Il y a quelques mois, le vieux prince Demètre L..., d'une des plus vieilles et des meilleures familles moldaves, nous racontait son premier voyage de Bucharest à Paris, vers 1830. 
A cette époque il n'y avait, bien entendu, ni chemins de fer, ni services de bateaux sur le Danube. A peine quelques routes carrossables. En hiver, il fallait compter avec la neige, au printemps et en automne, avec les inondations, toujours avec les instincts sauvages des populations. Il n'en est plus de même aujourd'hui: grâce à la vapeur, plus de danger ni d'incertitude; on est sur d'arriver, on peut même savoir à quelques minutes près le moment où l'on arrivera. 

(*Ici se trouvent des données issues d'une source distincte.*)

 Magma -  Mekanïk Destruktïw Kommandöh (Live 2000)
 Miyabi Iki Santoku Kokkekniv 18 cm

C'est ainsi que, certains vendredi du mois d'août, je pus télégraphier à un de mes amis que le surlendemain, à minuit, je serais près de lui, à Bucharest. Le dimanche, à l'heure dite, je me promenais à son bras dans la capitale roumaine, à peine fatigué, un peu étourdi tout au plus de ces cinquante-quatre heures passées dans les confortables wagons de l'Orient-Express.

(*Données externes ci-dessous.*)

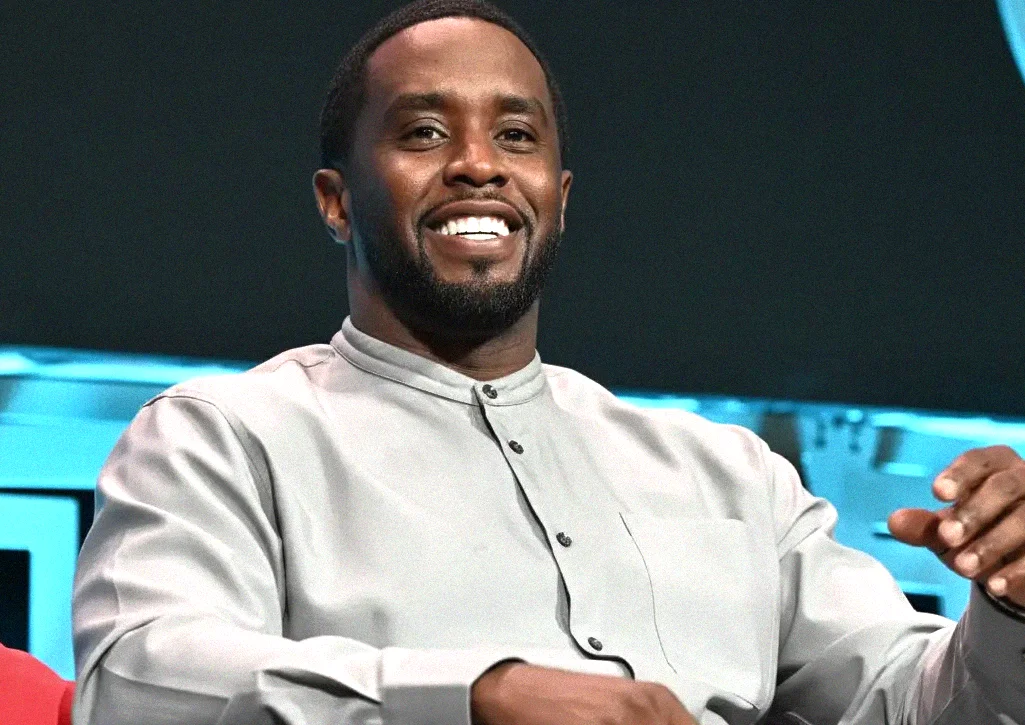 Primele imagini cu Diddy la penitenciarul federal Fort Dix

Le premier aspect de Bucharest n'offre rien de particulièrement intéressant. Aucun monument ancien, aucun vestige du passé. Les maisons, en simili-pierre, ressemblent à celles de Vienne ou de Berlin, et les monuments publics, construits pour la plupart par des architectes français, méritent à peine une courte visite. Là n'est pas l'attrait de la capitale roumaine; il est tout entier dans la rue, où se presse une foule animée et pittoresque, officiers de cavalerie aux vestes d'un pourpre sombre, chasseurs au chapeau de feutre noir semblable à ceux des bersaglieri, paysans entièrement vêtus de blanc, aux larges ceintures garnies de plaques de cuivre, coiffés d'énormes bonnets de fourrure, femmes du peuple aux chemises brodées et pailletées. Ici, un pope aux longs cheveux bouclés, à la haute coiffure cylindrique, s'achemine vers son église dont les dômes bulbeux, recouvert de fer-blanc, étincellent à l'horizon; là, des bohémiennes demi-nues travaillent à une maison en construction.

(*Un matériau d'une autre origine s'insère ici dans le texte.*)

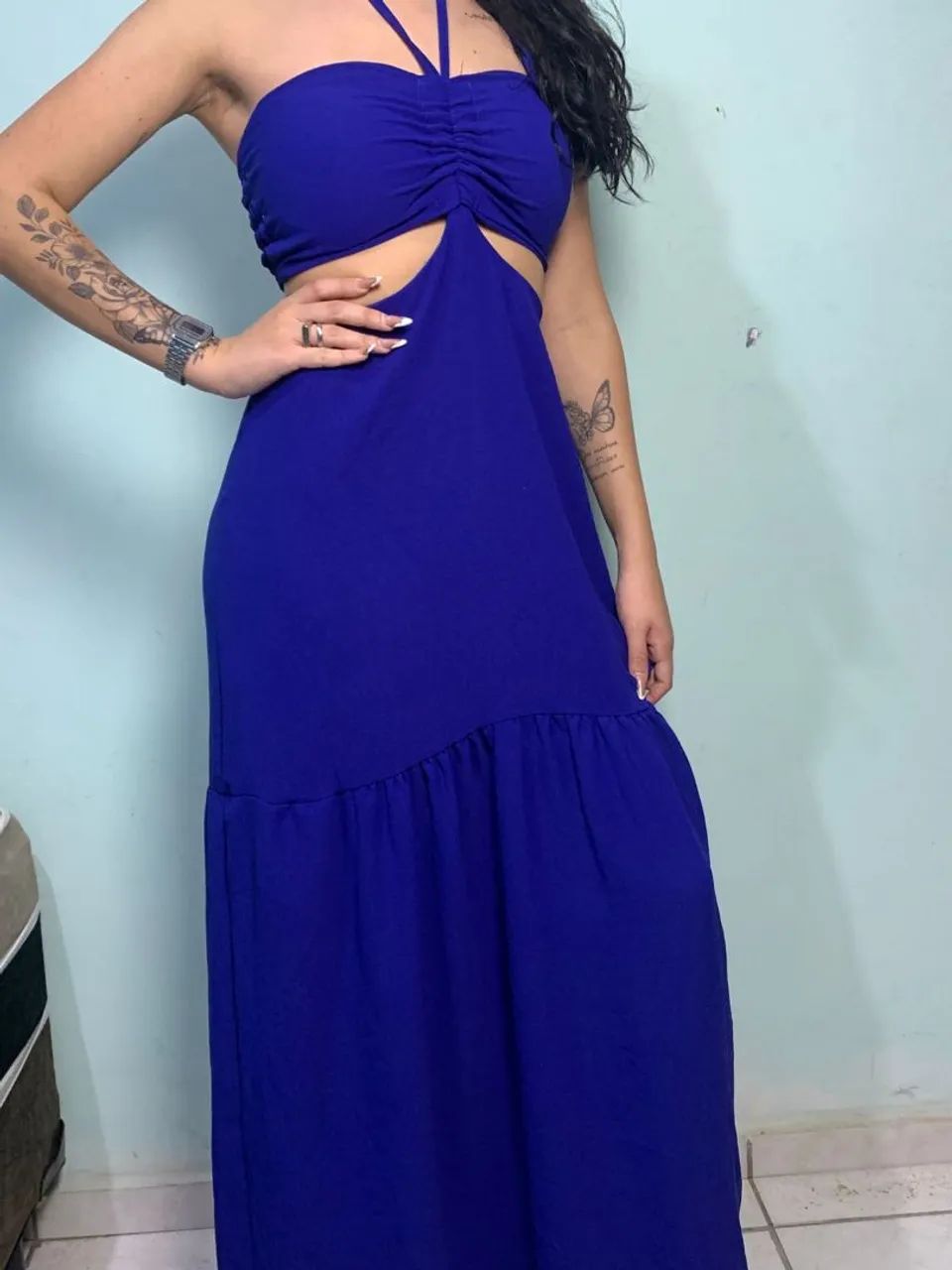 Vestidos  - Foto 2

Un peu plus loin un marchand de vin ambulant verse à boire à des cochers de fiacre aux yeux bridés, aux larges faces imberbes, à la voix grêle. Ces cochers ne sont pas une des moindres curiosités de Bucharest. Russes pour la plupart, ils appartiennent à la secte des Skoptzi, ces radicaux disciples de Malthus, que le gouvernement du Tzar proscrit impitoyablement. Chassés de leur patrie, ils viennent chercher dans les pays voisins un endroit

Où d'être eunuque à l'aise on ait la liberté

Ces farouches ennemis de la paternité forment une corporation puissante et relativement riche. Leurs attelages, en tout cas, sont les mieux tenus et les plus rapides qu'il m'ait été donné de voir dans les différentes capitales européennes. Leur costume est celui des cochers russes: bonnet fourré ou casquette plate, suivant la saison; vaste pelisse de velours retenue à la taille par une ceinture de couleur vive et ornée d'une double rangée de boutons de cuivre ou d'argent.
La température qui, en hiver, atteint aux plus grands froids de la Russie, s'élève quelquefois, en été, à près de quarante degré de chaleur; aussi adopte-t-on, pendant les mois chauds de l'année, les coutumes orientales. La vie active est à peu près suspendue pendant le milieu du jour, et ce n'est que vers quatre heures que la ville commence de nouveau à s'animer. Une foule élégante et joyeuse envahit alors la rue de la Victoire, qui est la principale de Bucharest, et se dirige vers la Chaussée, un parc aux maigres ombrages où le high-life roumain vient chercher un peu de fraîcheur avant le dîner. Là, de longues files d'équipages défilent les unes devant les autres, tandis que dans une contre-allée des cavaliers de tout âge et de tout rang font parader leurs montures, échangeant avec les belles promeneuses soit un salut respectueux, soit un regard discret. Plus d'un rendez-vous s'y donne d'un simple signe de tête, qui aboutira à quelque joyeuse partie dans une des guinguettes qui avoisinent le parc.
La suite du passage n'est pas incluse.